$3 billion in electricity.
That’s how much energy set-top boxes – the ubiquitous household device that liaisons between signal and television – consume in the United States per year. Even more shocking is that 66 percent of that energy (about $2 billion worth) is used when no one is even around to enjoy the actual televisions set-top boxes enable.
It seems almost parasitic.
What adds insult to injury is that we’re gulping down energy for something that even the best marketer couldn’t package as a basic human need. It’s like we’ve got energy to burn.
In case you are curious, this data is from a recently released study conducted by the Natural Resources Defense Council (NRDC). And folks at The New York Times have been paying close attention, covering the topic in a variety of articles since the study’s release.

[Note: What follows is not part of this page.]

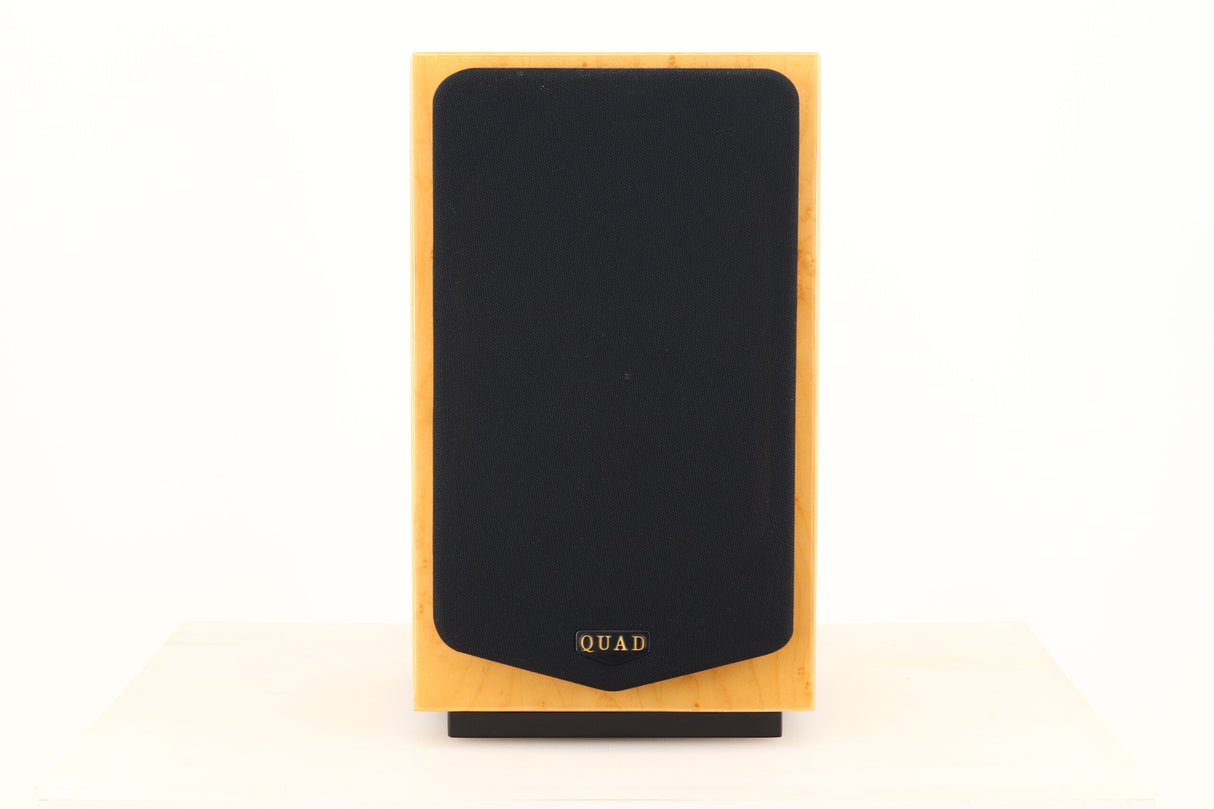 Quad 11L Standmount Speakers - Gloss Maple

Simple awareness can be a powerful instrument of change. And often big gains are born of small actionable changes in our behavior. Here are a few ways you can reduce the drain:
• Unplug your entertainment devices after use. My grandparents used to do this, fearing a bolt of lightening would enter through the TV. My thrifty host in Ireland used to do this, though I filed it under “Betty’s unusual customs,” along with No Water Pressure Is a Gift, Hands-Off the Washing Machine and Don’t Tell the Exchange Student the Security Code.
• Make sure the set-top box is set to an energy-efficient mode. Many boxes have this setting, but most providers won’t offer to set it up that way. Ask them to—even if they have to come back to do it.
• Tell your provider that you want what Europeans have: “Europe’s Sky TV offers its customers a DVR box that uses 22.5 watts when fully on, 13.2 watts when in light sleep mode and less than one watt when in deep sleep mode, which you can set to coordinate with your own deep sleep mode.” (“Dracula Lurks in Your Set-Top Box,” by Joanna M. Foster, The New York Times)
• Switch to other methods of TV viewing, such as Web-based Hulu. That’s what my family does, and it suits us fine. We got rid of our last actual television set last year (purchased in 1998). We appreciate the fact that we can close up the laptop when the show’s over.
Of course, set-top boxes aren’t the only energy-drain culprits, but at $3 billion in energy consumption, it’s an excellent place to focus attention. We can do so much better than this. We’d be fools not to.